The GSH:GSSG ratio shows the large use of NADPH in the GSH and GSSG cycle reactions needed for defence against oxidative stress conditions due to the imbalance between free radical products and cellular defence systems that occur because of high metabolic activity. Thus, this ratio determines the maintenance of several mitochondrial functions, intramitochondrial redox status, calcium homeostasis, and the activity of several mitochondrial enzymes that contain sulfhydryl groups (4, 7). In ageing, a hypoperfusion condition results in high production of free radicals. Cellular glutathione peroxidase, as an intracellular primary antioxidant enzyme, increases its activity under these conditions, and as compensation, there is a decrease in GSH and an increase in GSSG, so the ratio of GSH:GSSG decreases. This was proven in the study by Coling et al. (8), which found that the ratio of GSH:GSSG in the lateral wall of the cochlea of Fisher-344 mice decreased with ageing and was significantly associated with presbycusis events, as well as in studies by Kasapoglu and Ozben (10), which found that ageing in humans correlated with a linear decrease in the ratio of GSH:GSSG. Based on the cut-off point, Table 2 shows that a low ratio of GSH:GSSH was significantly correlated with presbycusis (p = 0.003).

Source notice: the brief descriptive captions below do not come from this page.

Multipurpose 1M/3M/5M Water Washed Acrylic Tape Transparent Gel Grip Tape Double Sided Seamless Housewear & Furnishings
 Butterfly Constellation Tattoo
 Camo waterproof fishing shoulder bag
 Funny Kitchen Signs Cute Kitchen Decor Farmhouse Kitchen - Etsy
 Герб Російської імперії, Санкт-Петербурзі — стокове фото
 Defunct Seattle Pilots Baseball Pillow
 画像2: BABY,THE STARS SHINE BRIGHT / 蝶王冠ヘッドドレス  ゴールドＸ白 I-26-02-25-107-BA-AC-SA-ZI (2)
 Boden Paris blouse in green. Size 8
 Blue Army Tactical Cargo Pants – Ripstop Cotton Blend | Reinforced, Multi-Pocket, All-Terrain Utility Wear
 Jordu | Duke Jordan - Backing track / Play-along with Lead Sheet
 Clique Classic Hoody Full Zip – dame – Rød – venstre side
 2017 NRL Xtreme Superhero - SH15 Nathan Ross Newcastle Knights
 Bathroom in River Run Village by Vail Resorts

Relationship of eGPx Activity and the GSH: GSSG Ratio with Presbycusis

We found that a high eGPx activity accompanied by a low GSH:GSSG ratio will present a 135-fold increased risk of presbycusis (OR = 135; 95% CI: 5.17–20,028.88). The magnitude of the risk from these statistical results reinforces the theory that ageing increases the antioxidant activity of eGPx as compensation for high levelsof free radicals. As a result, the GSH concentration decreased followed by an increase in the GSSG concentration, so the ratio of GSH:GSSG decreased. These results indicate that the values of these two parameters in the blood can be considered to reflect their levels in the cochlea, so the serum levels of these two parameters can be used as predictors of presbycusis occurrence.

CONCLUSION

High eGPx activity accompanied by a low GSH:GSSG ratio indicates a very strong risk of presbycusis (OR = 135, IK 95%: 5.17–20,028.88). Further research needs to be implemented on gene polymorphisms to determine the possible role of genetic factors, especially those that play a role in the metabolism of eGPx, GSH and GSSG during ageing. It is necessary to develop presbycusis management and preventative measures, which involves examination of the eGPx and GSH:GSSG ratio and the possibility of giving antioxidants as a therapeutic approach.